Diversification Opportunities for Indian Railway and HDFC Bank

0.45
  Correlation Coefficient

Very weak diversification

The 3 months correlation between Indian and HDFC is 0.45. Overlapping area represents the amount of risk that can be diversified away by holding Indian Railway Finance and HDFC Bank Limited in the same portfolio, assuming nothing else is changed. The correlation between historical prices or returns on HDFC Bank Limited and Indian Railway is a relative statistical measure of the degree to which these equity instruments tend to move together. The correlation coefficient measures the extent to which returns on Indian Railway Finance are associated (or correlated) with HDFC Bank. Values of the correlation coefficient range from -1 to +1, where. The correlation of zero (0) is possible when the price movement of HDFC Bank Limited has no effect on the direction of Indian Railway i.e., Indian Railway and HDFC Bank go up and down completely randomly.

Pair Corralation between Indian Railway and HDFC Bank

Assuming the 90 days trading horizon Indian Railway Finance is expected to generate 2.33 times more return on investment than HDFC Bank. However, Indian Railway is 2.33 times more volatile than HDFC Bank Limited. It trades about -0.17 of its potential returns per unit of risk. HDFC Bank Limited is currently generating about -0.41 per unit of risk. If you would invest  15,920  in Indian Railway Finance on October 10, 2024 and sell it today you would lose (1,320) from holding Indian Railway Finance or give up 8.29% of portfolio value over 90 days.
Time Period3 Months [change]
DirectionMoves Together 
StrengthWeak
Accuracy100.0%
ValuesDaily Returns

Indian Railway Finance  vs.  HDFC Bank Limited

 Performance 
       Timeline  
Indian Railway Finance 

Risk-Adjusted Performance

0 of 100

 
Weak
 
Strong
Very Weak
Over the last 90 days Indian Railway Finance has generated negative risk-adjusted returns adding no value to investors with long positions. In spite of comparatively stable basic indicators, Indian Railway is not utilizing all of its potentials. The current stock price uproar, may contribute to short-horizon losses for the private investors.
HDFC Bank Limited 

Risk-Adjusted Performance

3 of 100

 
Weak
 
Strong
Modest
Compared to the overall equity markets, risk-adjusted returns on investments in HDFC Bank Limited are ranked lower than 3 (%) of all global equities and portfolios over the last 90 days. In spite of very healthy basic indicators, HDFC Bank is not utilizing all of its potentials. The newest stock price disarray, may contribute to short-term losses for the investors.

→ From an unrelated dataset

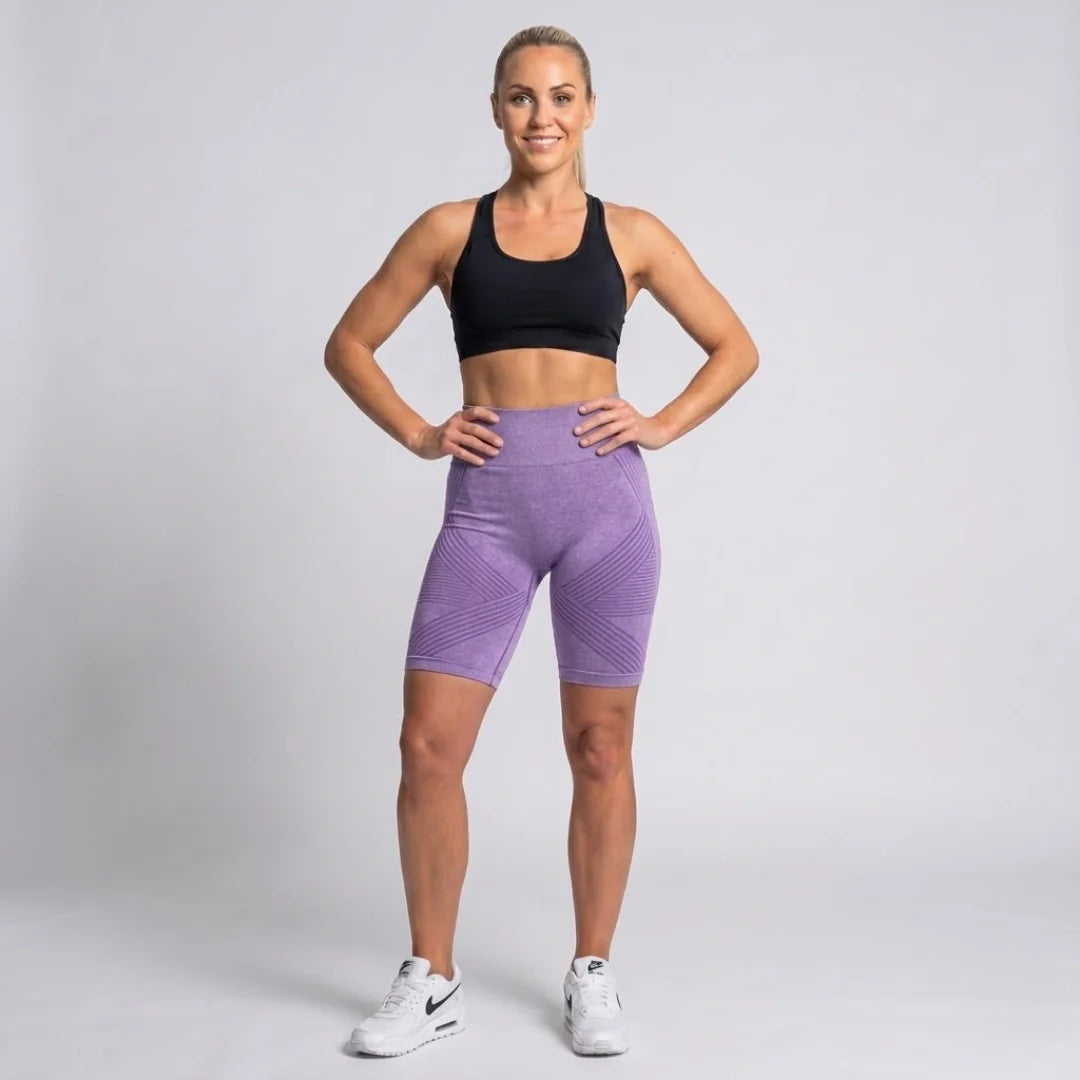 Cellumove 3D Short Legging – Definieren Sie Ihre Silhouette mühelos neu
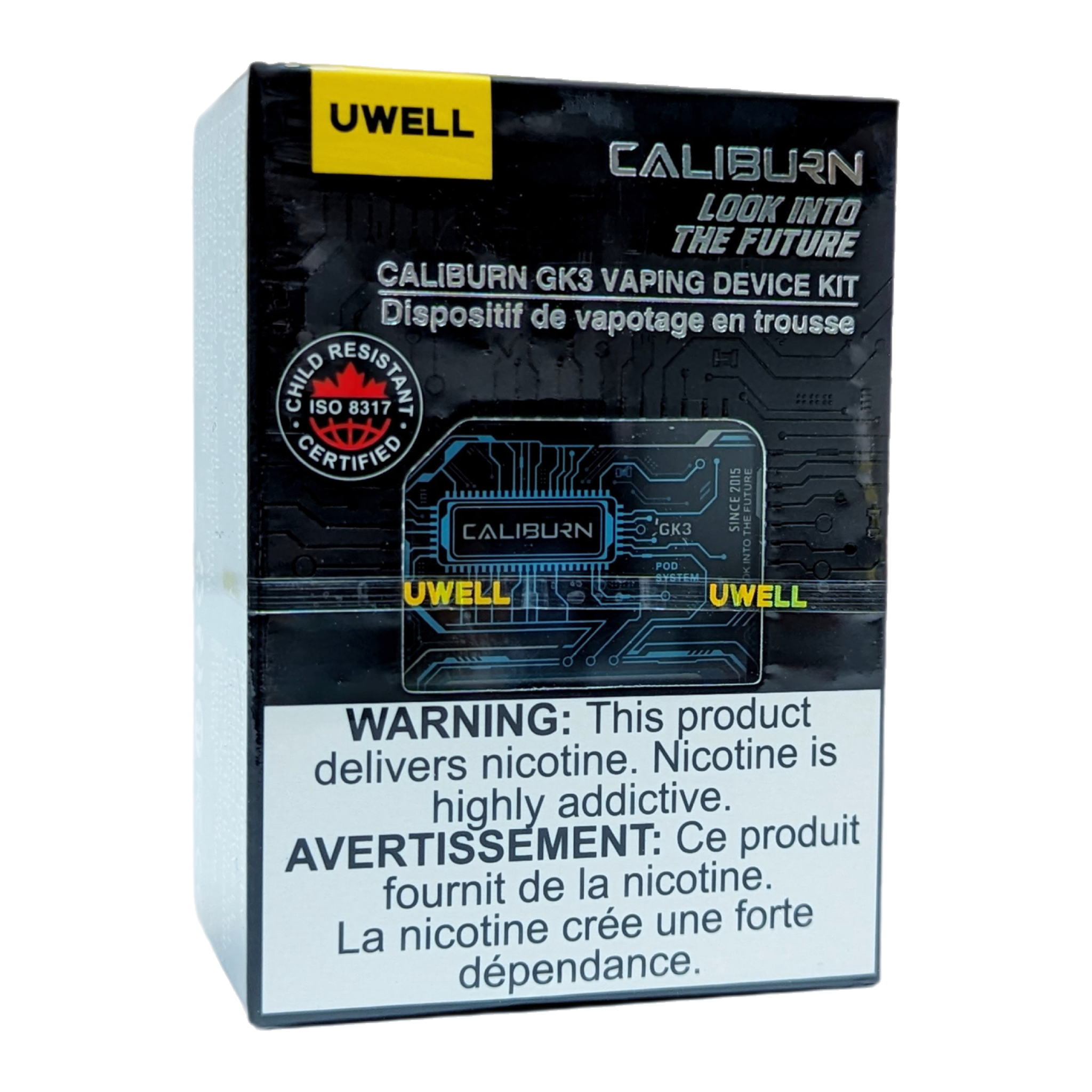 uwell caliburn gk3 pod kit uwell caliburn gk3 pod kit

Indian Railway and HDFC Bank Volatility Contrast

   Predicted Return Density   
       Returns  

Pair Trading with Indian Railway and HDFC Bank

The main advantage of trading using opposite Indian Railway and HDFC Bank positions is that it hedges away some unsystematic risk. Because of two separate transactions, even if Indian Railway position performs unexpectedly, HDFC Bank can make up some of the losses. Pair trading also minimizes risk from directional movements in the market. For example, if an entire industry or sector drops because of unexpected headlines, the short position in HDFC Bank will offset losses from the drop in HDFC Bank's long position.
The idea behind Indian Railway Finance and HDFC Bank Limited pairs trading is to make the combined position market-neutral, meaning the overall market's direction will not affect its win or loss (or potential downside or upside). This can be achieved by designing a pairs trade with two highly correlated stocks or equities that operate in a similar space or sector, making it possible to obtain profits through simple and relatively low-risk investment.
Check out your portfolio center.
Note that this page's information should be used as a complementary analysis to find the right mix of equity instruments to add to your existing portfolios or create a brand new portfolio. You can also try the Equity Search module to search for actively traded equities including funds and ETFs from over 30 global markets.